FINX collar positions are structurally neutral (protective); the modeled P&L assumes European-style exercise at expiration and ignores early assignment, transaction costs, dividends paid before expiry on the stock leg (when present), and the bid-ask spread on the listed chain. FINX positions also carry Financial Services sector concentration risk; news flow inside the sector (peer earnings, regulatory shifts, supply-chain headlines) can move FINX alongside the broader basket even when FINX-specific fundamentals are unchanged. Always rebuild the position from current FINX chain quotes before placing a trade.
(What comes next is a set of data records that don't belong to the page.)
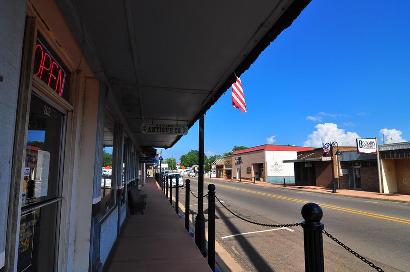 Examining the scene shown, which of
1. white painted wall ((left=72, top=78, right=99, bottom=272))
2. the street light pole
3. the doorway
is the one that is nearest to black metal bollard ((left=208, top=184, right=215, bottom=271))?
the street light pole

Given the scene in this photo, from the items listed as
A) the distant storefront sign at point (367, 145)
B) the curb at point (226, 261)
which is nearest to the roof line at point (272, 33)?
the curb at point (226, 261)

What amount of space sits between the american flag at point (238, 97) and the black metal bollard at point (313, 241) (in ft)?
14.3

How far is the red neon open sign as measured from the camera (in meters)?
2.55

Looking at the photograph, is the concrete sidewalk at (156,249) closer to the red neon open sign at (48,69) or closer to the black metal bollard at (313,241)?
the black metal bollard at (313,241)

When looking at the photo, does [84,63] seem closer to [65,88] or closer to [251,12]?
[65,88]

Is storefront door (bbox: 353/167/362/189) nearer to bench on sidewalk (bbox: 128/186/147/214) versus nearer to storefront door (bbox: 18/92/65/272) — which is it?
bench on sidewalk (bbox: 128/186/147/214)

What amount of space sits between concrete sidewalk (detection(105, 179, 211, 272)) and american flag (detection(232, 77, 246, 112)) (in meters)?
3.09

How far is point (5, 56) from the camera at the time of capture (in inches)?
60.4

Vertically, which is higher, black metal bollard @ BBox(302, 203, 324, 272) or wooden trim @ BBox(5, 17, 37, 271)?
wooden trim @ BBox(5, 17, 37, 271)

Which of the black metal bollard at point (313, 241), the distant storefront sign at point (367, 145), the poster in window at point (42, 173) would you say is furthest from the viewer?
the distant storefront sign at point (367, 145)

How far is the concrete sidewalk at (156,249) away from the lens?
18.7 feet

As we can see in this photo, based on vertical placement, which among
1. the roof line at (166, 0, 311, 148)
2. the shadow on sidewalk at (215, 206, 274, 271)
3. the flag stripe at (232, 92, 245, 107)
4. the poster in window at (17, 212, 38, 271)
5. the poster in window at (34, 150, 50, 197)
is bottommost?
the shadow on sidewalk at (215, 206, 274, 271)

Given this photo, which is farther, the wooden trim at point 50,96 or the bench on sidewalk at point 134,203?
the bench on sidewalk at point 134,203

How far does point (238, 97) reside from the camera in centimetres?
685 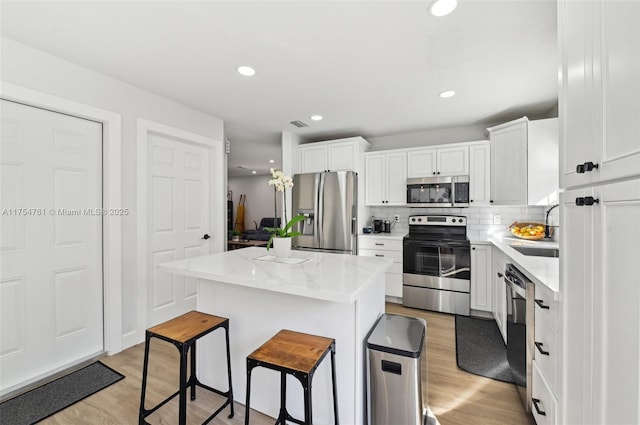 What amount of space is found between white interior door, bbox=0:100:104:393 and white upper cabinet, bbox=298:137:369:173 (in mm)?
2545

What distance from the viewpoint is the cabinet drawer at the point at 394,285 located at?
3.68 m

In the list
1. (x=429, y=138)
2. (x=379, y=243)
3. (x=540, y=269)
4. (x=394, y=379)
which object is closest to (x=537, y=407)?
(x=540, y=269)

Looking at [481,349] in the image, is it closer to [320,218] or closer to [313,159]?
[320,218]

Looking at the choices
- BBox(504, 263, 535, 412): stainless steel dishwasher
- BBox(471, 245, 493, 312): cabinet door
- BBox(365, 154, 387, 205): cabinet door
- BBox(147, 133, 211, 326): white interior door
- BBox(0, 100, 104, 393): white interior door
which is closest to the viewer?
BBox(504, 263, 535, 412): stainless steel dishwasher

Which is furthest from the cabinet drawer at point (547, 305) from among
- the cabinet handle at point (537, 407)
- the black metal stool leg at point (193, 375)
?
the black metal stool leg at point (193, 375)

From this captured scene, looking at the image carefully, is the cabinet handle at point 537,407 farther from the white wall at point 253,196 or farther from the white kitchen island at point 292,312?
→ the white wall at point 253,196

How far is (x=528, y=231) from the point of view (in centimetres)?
307

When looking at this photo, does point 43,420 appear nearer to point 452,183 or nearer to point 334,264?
point 334,264

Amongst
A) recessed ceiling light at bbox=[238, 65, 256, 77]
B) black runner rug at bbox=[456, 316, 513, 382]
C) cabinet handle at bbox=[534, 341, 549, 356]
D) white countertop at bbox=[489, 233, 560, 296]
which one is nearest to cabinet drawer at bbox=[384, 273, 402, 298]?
black runner rug at bbox=[456, 316, 513, 382]

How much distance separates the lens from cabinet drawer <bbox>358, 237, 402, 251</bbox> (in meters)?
3.71

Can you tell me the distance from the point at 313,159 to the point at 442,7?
2.80m

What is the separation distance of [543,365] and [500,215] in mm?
2634

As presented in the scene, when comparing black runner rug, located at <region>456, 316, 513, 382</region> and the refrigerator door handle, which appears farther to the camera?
the refrigerator door handle

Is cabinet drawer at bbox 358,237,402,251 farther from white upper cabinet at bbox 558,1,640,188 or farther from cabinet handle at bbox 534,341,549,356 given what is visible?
white upper cabinet at bbox 558,1,640,188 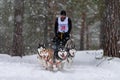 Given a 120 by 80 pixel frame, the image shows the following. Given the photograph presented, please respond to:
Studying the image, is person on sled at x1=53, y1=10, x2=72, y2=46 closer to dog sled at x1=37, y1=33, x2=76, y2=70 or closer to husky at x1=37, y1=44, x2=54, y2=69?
dog sled at x1=37, y1=33, x2=76, y2=70

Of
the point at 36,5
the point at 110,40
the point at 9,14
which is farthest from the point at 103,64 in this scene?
the point at 9,14

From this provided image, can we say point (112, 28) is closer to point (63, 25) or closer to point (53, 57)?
point (63, 25)

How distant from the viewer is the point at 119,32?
43.1 feet

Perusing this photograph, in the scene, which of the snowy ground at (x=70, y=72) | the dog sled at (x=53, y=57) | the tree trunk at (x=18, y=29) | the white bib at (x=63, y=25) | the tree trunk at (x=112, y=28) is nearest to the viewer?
the snowy ground at (x=70, y=72)

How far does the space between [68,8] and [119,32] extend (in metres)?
16.6

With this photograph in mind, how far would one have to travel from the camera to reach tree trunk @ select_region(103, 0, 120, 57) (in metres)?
13.1

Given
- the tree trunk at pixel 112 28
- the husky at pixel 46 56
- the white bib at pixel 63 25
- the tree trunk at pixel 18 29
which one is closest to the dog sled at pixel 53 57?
the husky at pixel 46 56

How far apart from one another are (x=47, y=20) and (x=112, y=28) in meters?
14.2

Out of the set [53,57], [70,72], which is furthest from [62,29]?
[70,72]

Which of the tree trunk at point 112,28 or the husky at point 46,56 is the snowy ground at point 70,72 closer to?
the husky at point 46,56

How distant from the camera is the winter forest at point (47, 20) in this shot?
518 inches

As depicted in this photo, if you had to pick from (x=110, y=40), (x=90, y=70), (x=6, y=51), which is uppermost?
(x=110, y=40)

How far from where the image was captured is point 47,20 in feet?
88.6

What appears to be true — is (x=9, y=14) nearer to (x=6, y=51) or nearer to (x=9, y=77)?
(x=6, y=51) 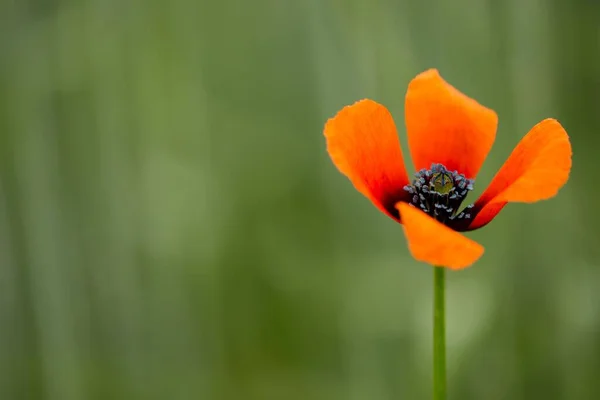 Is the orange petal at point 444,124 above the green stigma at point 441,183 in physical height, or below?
above

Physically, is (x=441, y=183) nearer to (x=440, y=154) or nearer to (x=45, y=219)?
(x=440, y=154)

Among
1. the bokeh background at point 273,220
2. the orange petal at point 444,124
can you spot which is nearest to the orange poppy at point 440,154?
the orange petal at point 444,124

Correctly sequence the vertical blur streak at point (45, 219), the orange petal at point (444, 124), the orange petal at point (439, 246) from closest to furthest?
the orange petal at point (439, 246) → the orange petal at point (444, 124) → the vertical blur streak at point (45, 219)

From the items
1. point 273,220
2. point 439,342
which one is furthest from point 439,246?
point 273,220

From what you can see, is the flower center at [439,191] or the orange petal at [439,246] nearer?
the orange petal at [439,246]

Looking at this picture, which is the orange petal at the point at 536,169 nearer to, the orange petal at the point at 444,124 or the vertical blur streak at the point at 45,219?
the orange petal at the point at 444,124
Frequently asked questions

What is a collar on FINX?
A collar on FINX is the collar strategy applied to FINX (etf). The strategy is structurally neutral (protective): A collar pairs long stock with a protective out-of-the-money put financed by a short out-of-the-money call, capping both tails of the position around the current spot. With FINX etf trading near $24.94, the strikes shown on this page are snapped to the nearest listed FINX chain strike and the premiums come straight from the end-of-day bid/ask midpoint.
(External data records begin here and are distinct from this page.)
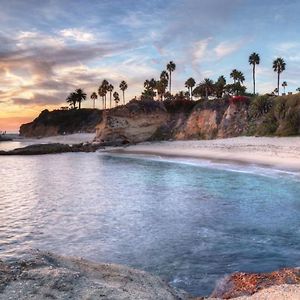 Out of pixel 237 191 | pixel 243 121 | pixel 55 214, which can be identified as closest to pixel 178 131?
pixel 243 121

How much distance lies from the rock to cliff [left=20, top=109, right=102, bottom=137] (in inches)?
5462

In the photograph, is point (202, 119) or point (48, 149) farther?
point (48, 149)

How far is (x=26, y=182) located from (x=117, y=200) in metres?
15.2

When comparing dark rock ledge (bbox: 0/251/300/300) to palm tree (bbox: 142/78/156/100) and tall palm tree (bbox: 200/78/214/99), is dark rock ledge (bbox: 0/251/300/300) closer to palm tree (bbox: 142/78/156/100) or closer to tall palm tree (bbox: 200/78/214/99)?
tall palm tree (bbox: 200/78/214/99)

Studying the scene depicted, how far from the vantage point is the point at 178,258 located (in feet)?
42.3

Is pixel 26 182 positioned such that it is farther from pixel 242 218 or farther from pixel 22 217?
pixel 242 218

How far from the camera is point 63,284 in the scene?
5.35m

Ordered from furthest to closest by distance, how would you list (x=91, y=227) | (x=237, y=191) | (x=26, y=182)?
(x=26, y=182)
(x=237, y=191)
(x=91, y=227)

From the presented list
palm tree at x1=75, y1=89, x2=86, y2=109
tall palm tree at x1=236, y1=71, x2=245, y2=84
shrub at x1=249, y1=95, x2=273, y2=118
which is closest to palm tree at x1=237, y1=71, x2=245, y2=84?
tall palm tree at x1=236, y1=71, x2=245, y2=84

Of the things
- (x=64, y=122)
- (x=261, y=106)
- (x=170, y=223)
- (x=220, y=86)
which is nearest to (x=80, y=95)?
(x=64, y=122)

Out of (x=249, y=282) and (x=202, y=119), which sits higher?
(x=202, y=119)

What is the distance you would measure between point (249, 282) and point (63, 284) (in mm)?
5862

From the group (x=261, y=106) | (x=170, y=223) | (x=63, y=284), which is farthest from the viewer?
(x=261, y=106)

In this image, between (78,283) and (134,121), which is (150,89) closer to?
(134,121) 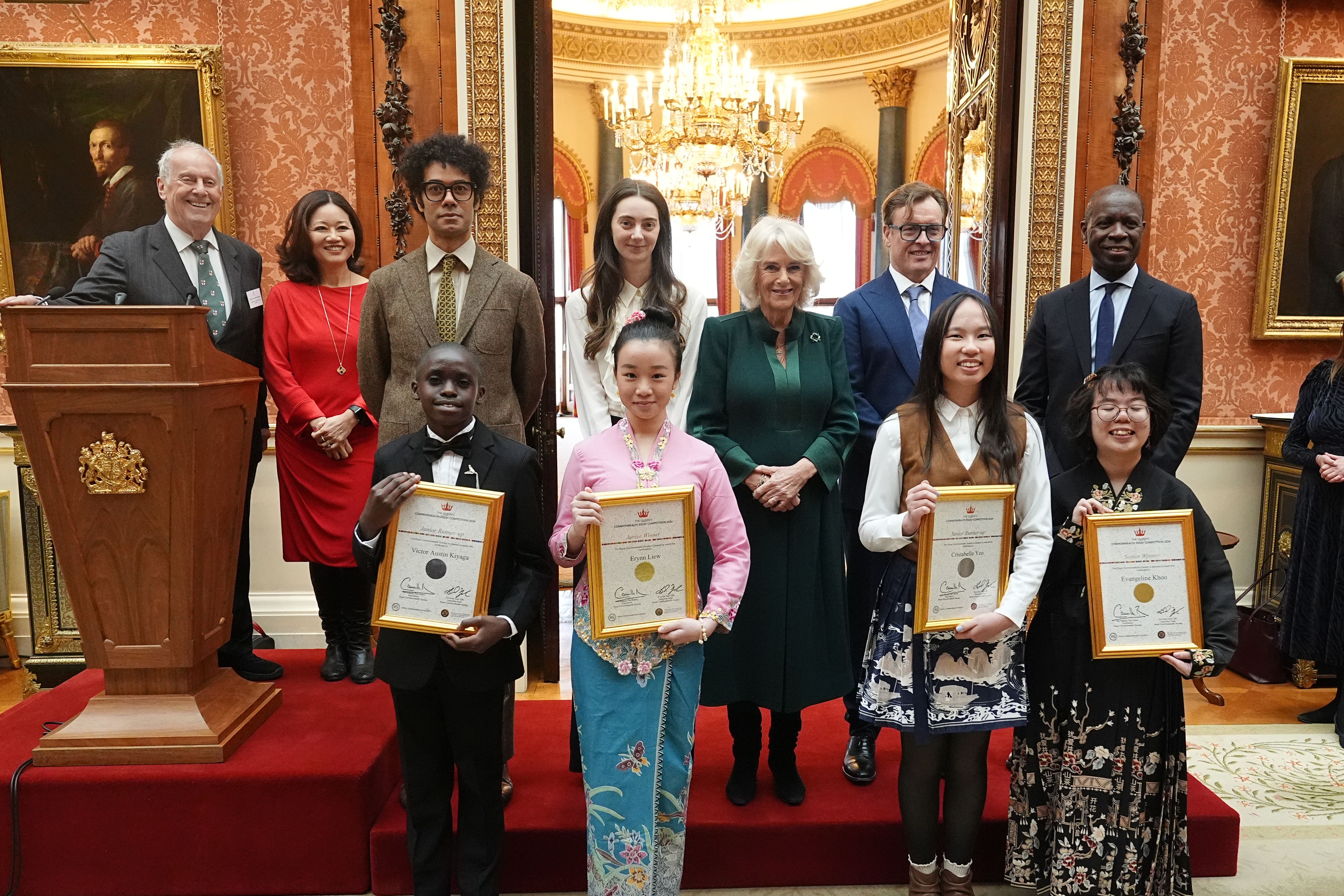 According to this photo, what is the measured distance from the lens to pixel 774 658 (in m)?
2.55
How are FINX collar max profit and max loss calculated?
Max profit roughly equals short-call strike minus cost basis plus net premium; max loss roughly equals cost basis minus long-put strike minus net premium. Breakeven shifts by the net premium. For the FINX collar priced from the end-of-day chain at a 30-day expiry (ATM IV 32.40%), the computed maximum profit is $128.50 per contract and the computed maximum loss is -$71.50 per contract. Live intraday quotes will differ as the chain moves through the trading session.
What is the breakeven for a FINX collar?
The breakeven for the FINX collar priced on this page is roughly $24.72 at expiration, derived from end-of-day chain premiums. Breakeven is the underlying price at which the strategy's P&L crosses zero ignoring transaction costs and assignment risk. The current FINX market-implied 1-standard-deviation expected move is approximately 9.29%; if the move sits well outside the breakeven distance, the structure's risk-reward becomes correspondingly tighter.
When should you consider a collar on FINX?
Collars on FINX hedge an existing long FINX etf position; the long put sets a floor while the short call finances it, often run as a near-zero-cost hedge during expected volatility windows.
How does current FINX implied volatility affect this collar?
FINX ATM IV is at 32.40% with IV rank near 4.74%, which is on the low end of its 1-year range. Premium-buying structures (long call, long put, debit spreads) are relatively cheap in this regime; premium-selling structures collect less credit per unit risk.